Por óbvio, eventualmente também serão censuradas publicações que defendam, de uma forma ou de outra, uma revolução no Brasil, afinal, esse tipo de conteúdo seria facilmente classificado pela burguesia como “golpe de Estado” e “abolição do Estado Democrático de Direito”
Deve-se destacar ainda a tal “incitação à discriminação em razão de raça, cor, etnia, religião, procedência nacional, sexualidade ou identidade de gênero (condutas homofóbicas e transfóbicas)”, que pode ser qualquer hoje em dia. Conforme comentário de Rui Costa Pimenta, em análise na TV 247, “tem gente por exemplo que, se você falar buraco negro, o cara já fala que é racismo. Ninguém sabe o que que é exatamente o racismo fora de algumas manifestações mais clamorosas. Racismo, homofobia, misoginia, isso daí é uma prato cheio para censura”.
Falando ao portal de notícias Poder360, o advogado André Marsiglia, especialista em liberdade de expressão e direito digital criticou a decisão do STF pela (dentre outros aspectos) subjetividade dos conceitos de conteúdos a serem removidos, afirmando que a “expectativa é que as big techs passem a remover qualquer tipo de conteúdo considerado controverso para evitar punições”.
Estes casos acima são o que o Supremo considera crimes graves.
Mas o tribunal também determinou que as redes tem que censurar as publicações de “crimes em geral ou atos ilícitos”
Conforme diz o próprio STF, “a plataforma será responsabilizada civilmente pelos danos decorrentes de conteúdos gerados por terceiros em casos de crimes em geral ou atos ilícitos se, após receber um pedido de retirada, deixar de remover o conteúdo”.
Na prática? Publicações defendendo, por exemplo, que os índios que estão sendo mortos pelos latifundiários no Mato Grosso, na Bahia ou em qualquer outro lugar, publicações defendendo que estes índios se defendam de armas na mão, também serão censuradas. Porque isto é considerado crime pela burguesia. Aliás, qualquer publicação defendendo a ocupação de terras tende a ser censurada pelas redes, graças ao julgamento do STF.
O STF determina também que as redes terão que remover contas falsas, se notificadas, sob o risco de serem processadas: “a regra também vale para os casos de contas denunciadas como falsas”.
Assim, apesar de ter decidido que o art. 19 é “apenas” parcialmente inconstitucional, a decisão do STF resultará em um regime de censura sem precedentes no Brasil.
Essa decisão não é uma mera decisão do STF. É o tribunal intensificando a política de censura do imperialismo no Brasil, política que já vem sendo realizada há alguns anos.
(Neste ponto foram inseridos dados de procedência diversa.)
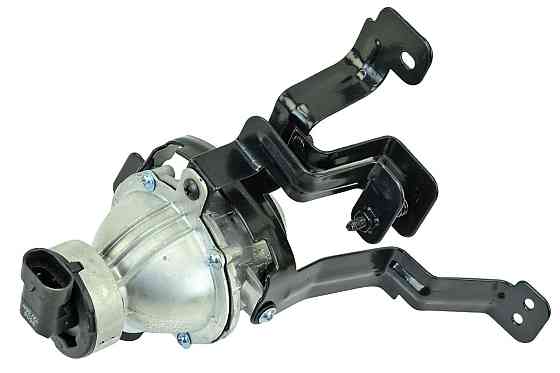 Фара Хюндай Elantra 6 AD (2016-2018) правая противотуманная Мукачево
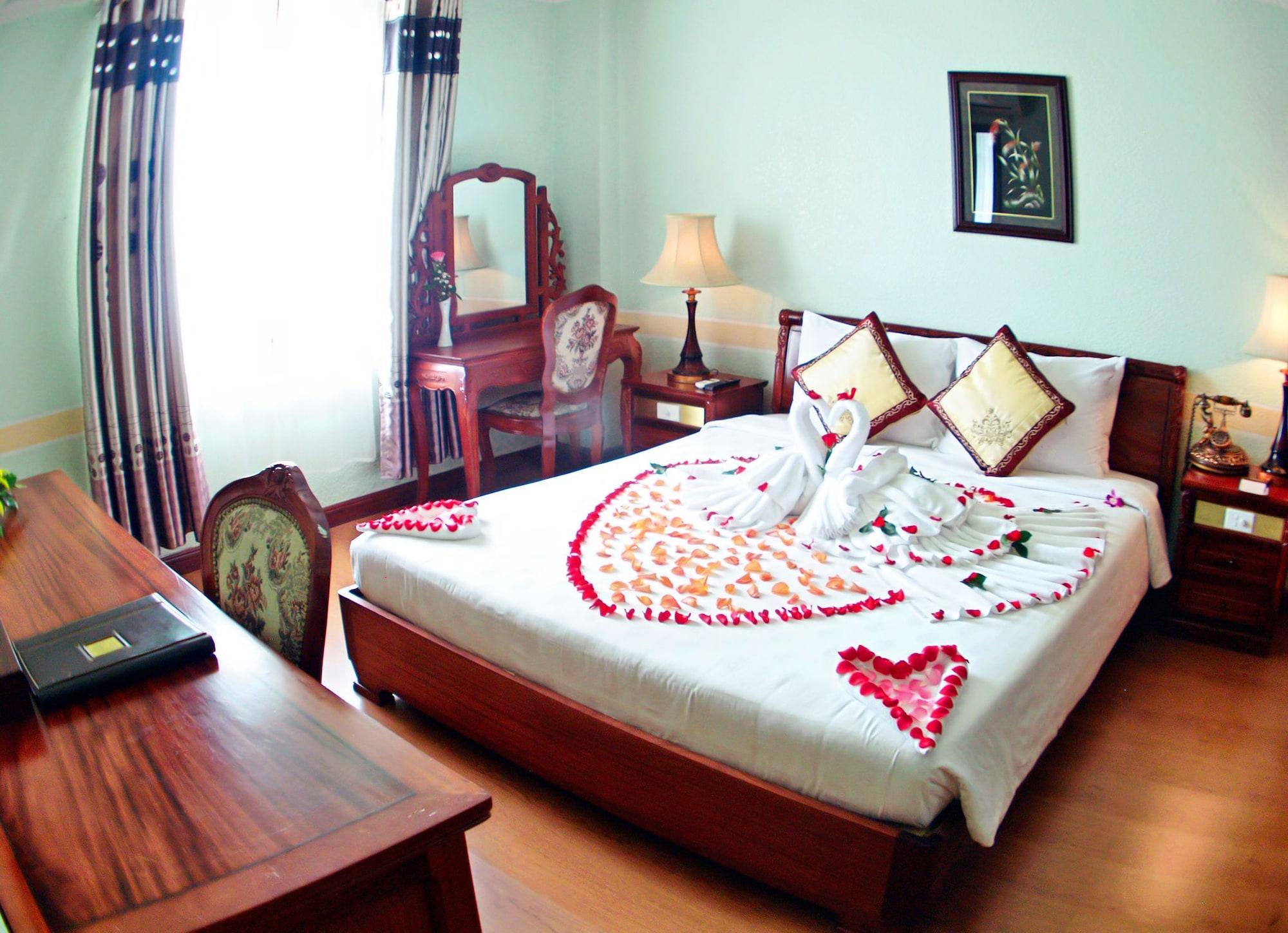 Ninh Kieu 2 Hotel Can Tho Exterior photo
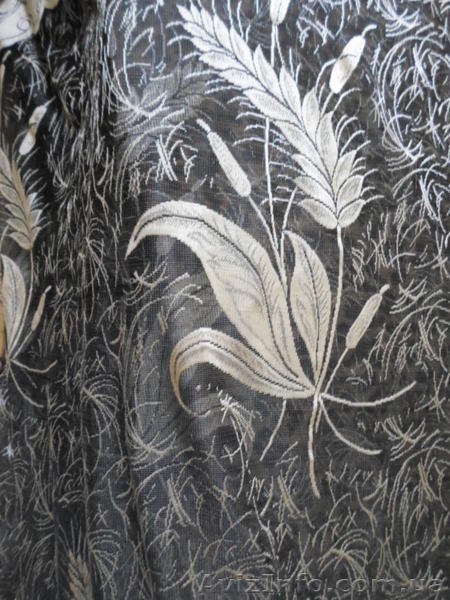 Красивейшие шторы-тюль из органзы нежного персикового цвета - Изображение #9, Объявление #910673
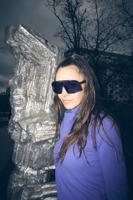 CHPO bril henrik indigo/blue - thumbnail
A intensificação da censura no Brasil, que é um fenômeno que ocorre em todos países imperialistas e aqueles sob controle do imperialismo, é uma política de guerra.
O imperialismo já iniciou nova ofensiva contra a população brasileira (e demais povos), e os ataques serão intensificados no próximo período, acabando de destruir o que resta dos direitos e conquistas do povo.
Para que esses ataques deem certo, é preciso, no mínimo, calar o povo, impedir o povo de exercer sua liberdade de expressão para denunciar os crimes do imperialismo e para se organizar para lutar contra essa rapina. A política de censura serve para isto, e a decisão do STF sobre o art. 19 do Marco Civil intensifica essa política.